Running this cell will extract the csv data files from the .zip file inside the Resources folder of the repository.

In [0]:
%cd /content/gdrive/My Drive/data_final_project/mental_health_ML

In [0]:
import zipfile

# unzip files in Resources folder.
extension = ".zip"
extracted_dir_name = "."

# Get the current working directory.
# Need to be in root directory of repo for this to work.
cwd_dir_name = os.getcwd()
print(f"The current working directory is {cwd_dir_name}.")

# change directory from working dir to dir with zip file.
os.chdir("Resources")
# This should be the "Resources" folder.
dir_name = os.getcwd()
print(f"You are now in the following directory: {dir_name}.")

# loop through the items in the directory.
for item in os.listdir(dir_name):
  # check for ".zip" extension"
  if item.endswith(extension):
    try:
      # get full path of files
      file_name = os.path.abspath(item)
      # create zipfile object
      zip_ref = zipfile.ZipFile(file_name)
      # reference to the directory where the zip files will be extracted.
      unzipped_directory = os.path.join(extracted_dir_name)
      # extract file to dir
      zip_ref.extractall(unzipped_directory)
      # close file
      zip_ref.close()
      print(f"Successfully unzipped {item} into the following folder:{dir_name}.")
    except Exception as e:
      print(f"Error trying to unzip data file(s).")
      print(e)
            
# Go up one directory into the repo root directory.
os.chdir(os.path.normpath(os.getcwd() + os.sep + os.pardir))
print(os.path.normpath(os.getcwd() + os.sep + os.pardir))

## Install Boto3

Boto3 is the AWS SDK for Python to create, configure, and manage AWS Services, such as S3.

In [0]:
! pip install boto3

## Configuration

To use Boto3, you need to set up authentication credentials.

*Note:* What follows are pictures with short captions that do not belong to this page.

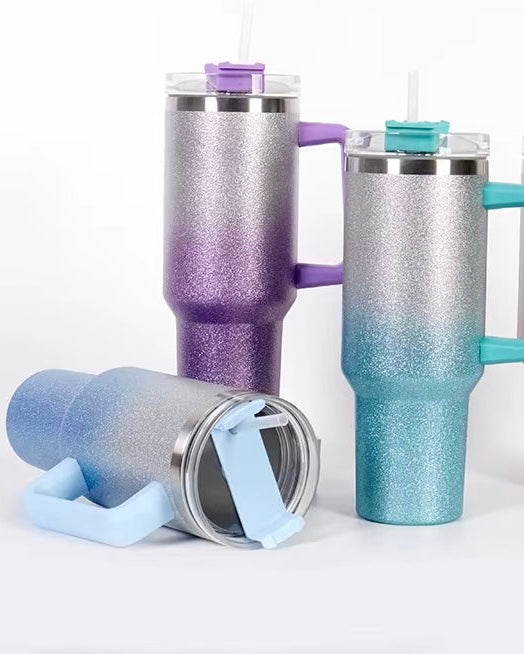 Double Wall Stainless Steel Glitter Tumbler with Handler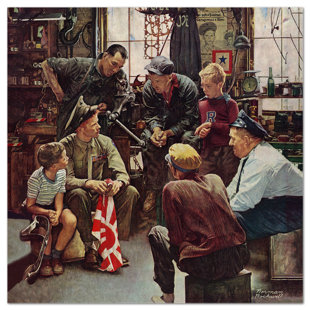 Highland Dunes - Quadro - Norman Rockwell - Ritorno A Casa Del Soldato - Vetro Acrilico - 70X70 - Pronto Da Appendere - Quadri Moderni Per La Casa - Vintage - Retr
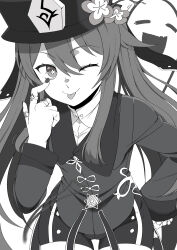 Rule 34 | 1girl, ;p, absurdres, akanbe, boo tao (genshin impact), coat, cowboy shot, eyelid pull, flower, genshin impact, greyscale, hair between eyes, hand on own hip, hat, hat flower, highres, hu tao (genshin impact), jewelry, kata (artist), korean commentary, long hair, long sleeves, looking at viewer, monochrome, multiple rings, one eye closed, ring, shorts, sketch, smile, solo, tongue, tongue out, twintails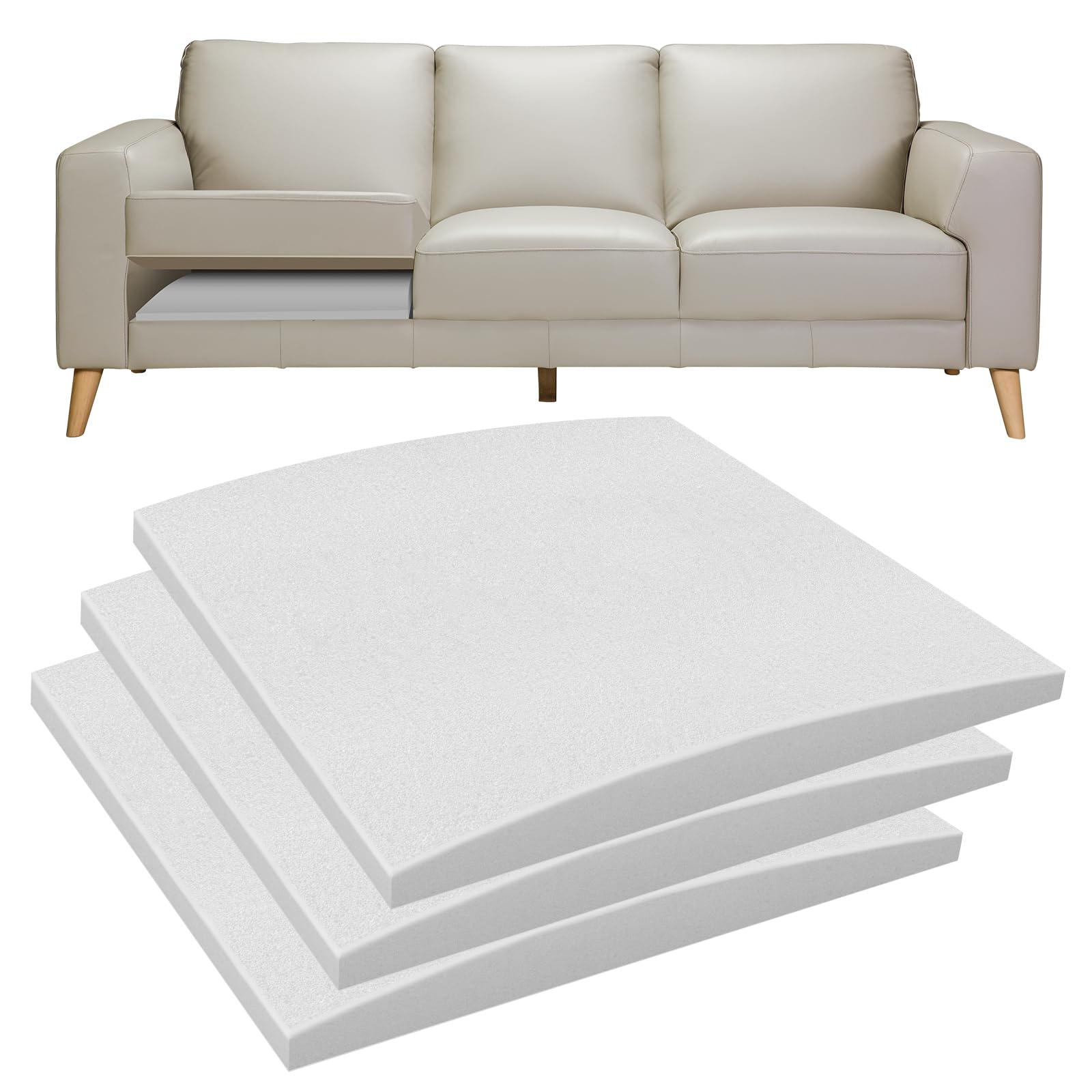 Photo 1 of RA RUNNING ALIEN Couch Cushions Support for Sagging Seat -20"X 20"Curved Foam Sofa Cushion Support Board,Grey Couch Supporterfor Under The Cushions,Set of 3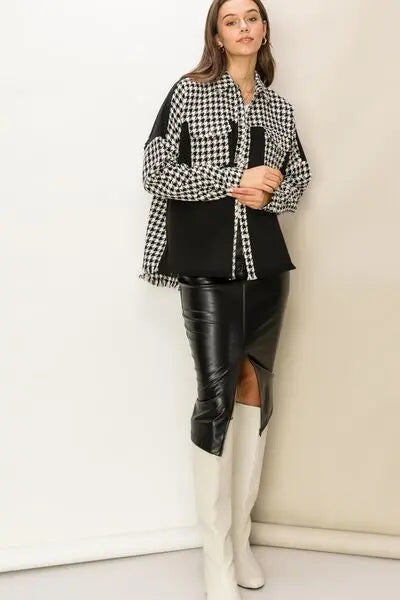HYFVE Houndstooth Contrast Raw Hem Jacket BLUE ZONE PLANET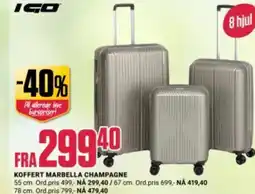 Europris KOFFERT MARBELLA CHAMPAGNE tilbud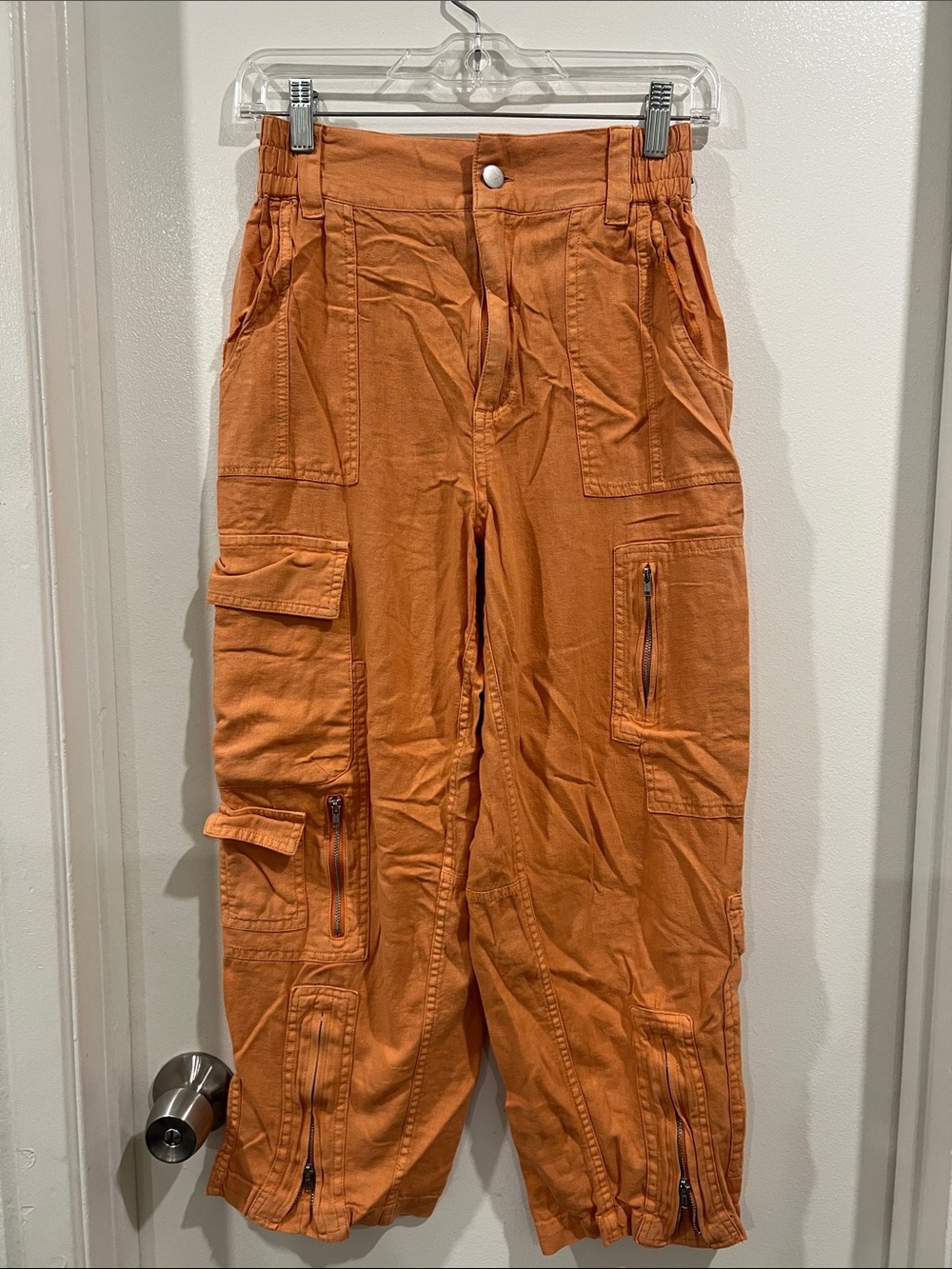 Urban Outfitters Orange Linen Cargo Pants Size  XS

Credentials for your AWS account can be found in the IAM Console.

Go through the following steps to create a AWS user and generate a new set of keys.

1. To create a new AWS user, go to your [AWS Console](https://console.aws.amazon.com/).

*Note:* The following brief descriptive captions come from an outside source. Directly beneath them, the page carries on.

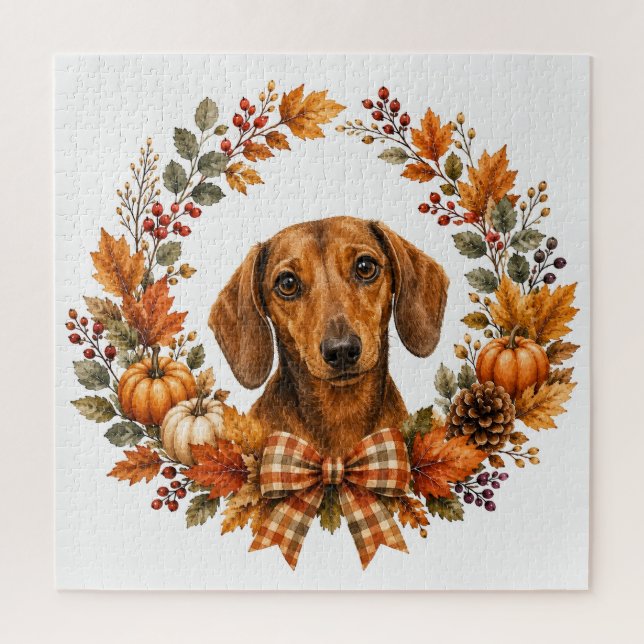 Quebra-cabeça Coroa de Outono de Dachshund (Vertical)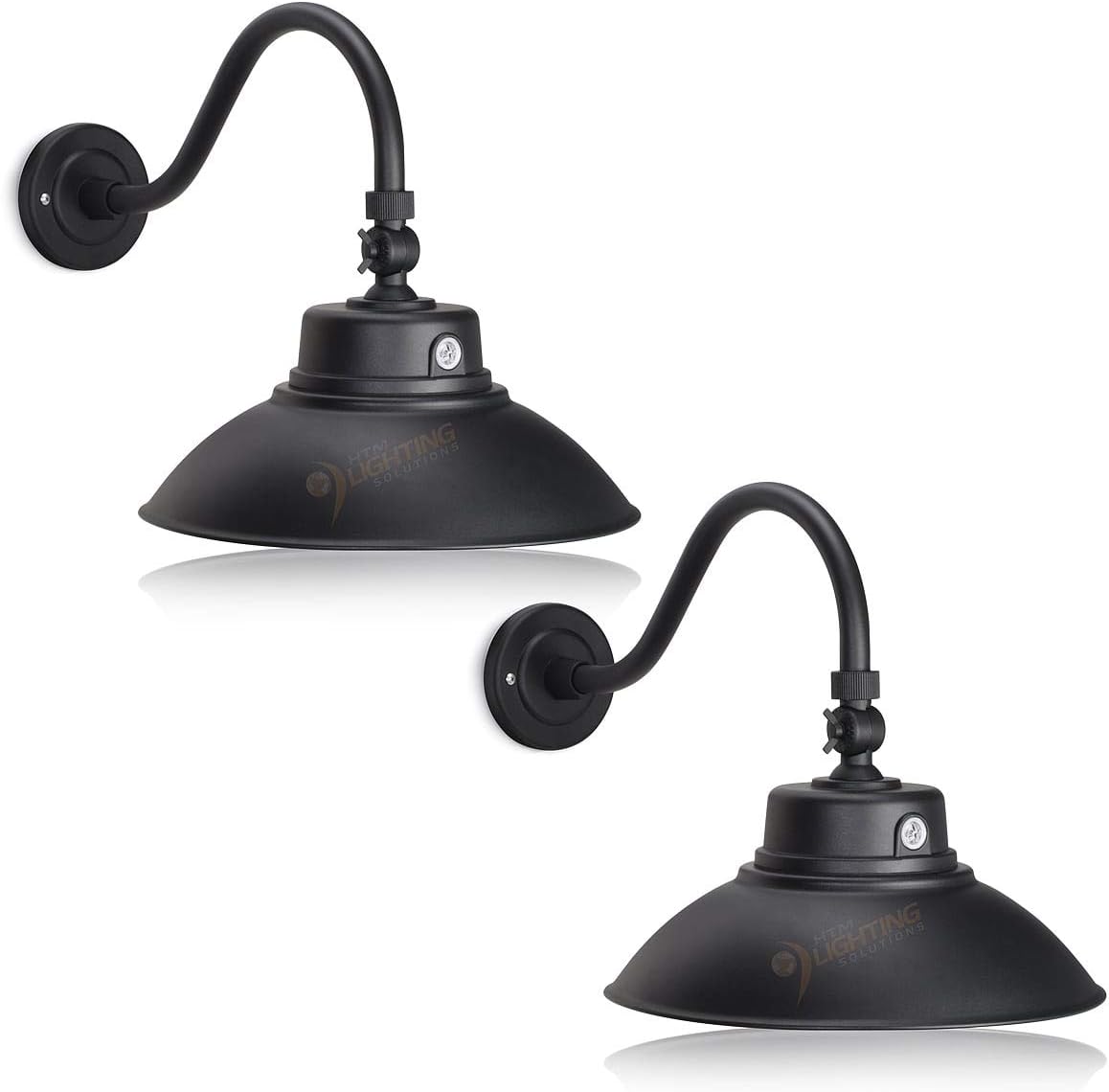 2 Pack - 14in. Black Gooseneck Barn Light LED Fixture for Indoor/Outdoor Use – Photocell Included - Swivel Head - 42W - 3800lm - Energy Star Rated - ETL Listed - Sign Lighting - 3000K (Warm White)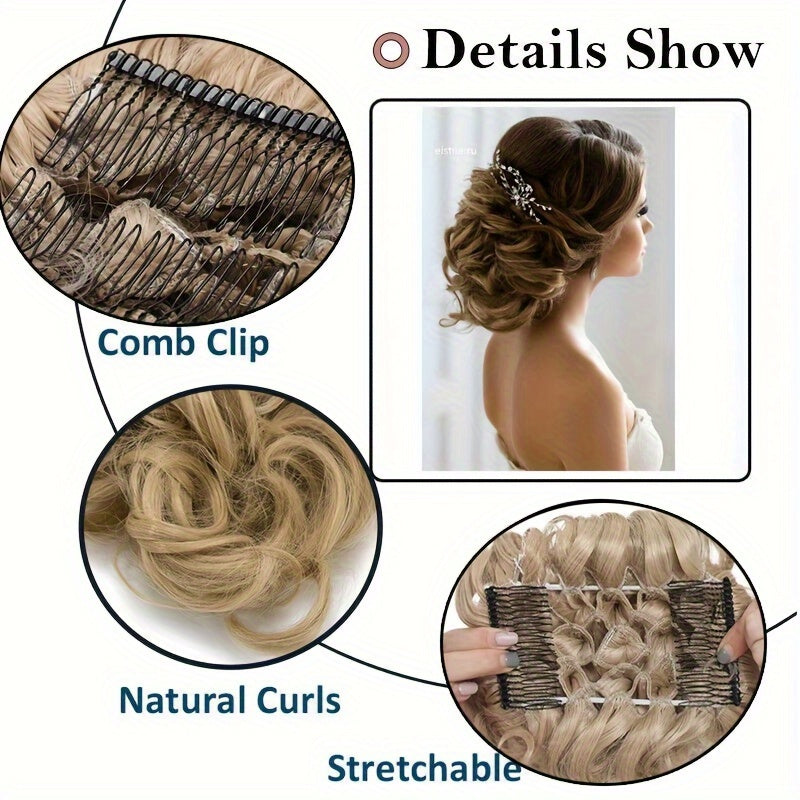 Chignon Elegante con Rosa e Pettine Floreale - Extension Ricci Sintetiche per Acconciature, Scrunchie Messy Updo in Ombre Nero/Marrone Balayage, Accessori per Capelli con Clip Facili da Applicare, Ideali per Matrimoni, Feste & Occasioni Speciali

2. In the top navigation bar, click **Services** and then under **Security, Identity, and Compliance**, click **IAM**.

3. Then, from the left navigation, click **Users** > **Add user**.

4. Give the user a name (for example, *boto3user*).

5. Enable **Programmatic access** to be able to work with the AWS SDK.

6. Click **Next:Permissions**.

7. For permissions, select **Attach existing policies directly** and choose the **AmazonS3FullAccess** policy.

8. Click **Next:Tags**.

9. Click **Next:Review**.

10. Confirm the user details and click **Create user**.

11. Click **Download.csv** to make a copy of your credentials. You will need these later.

12. Install the AWS CLI from here: <https://aws.amazon.com/cli/>.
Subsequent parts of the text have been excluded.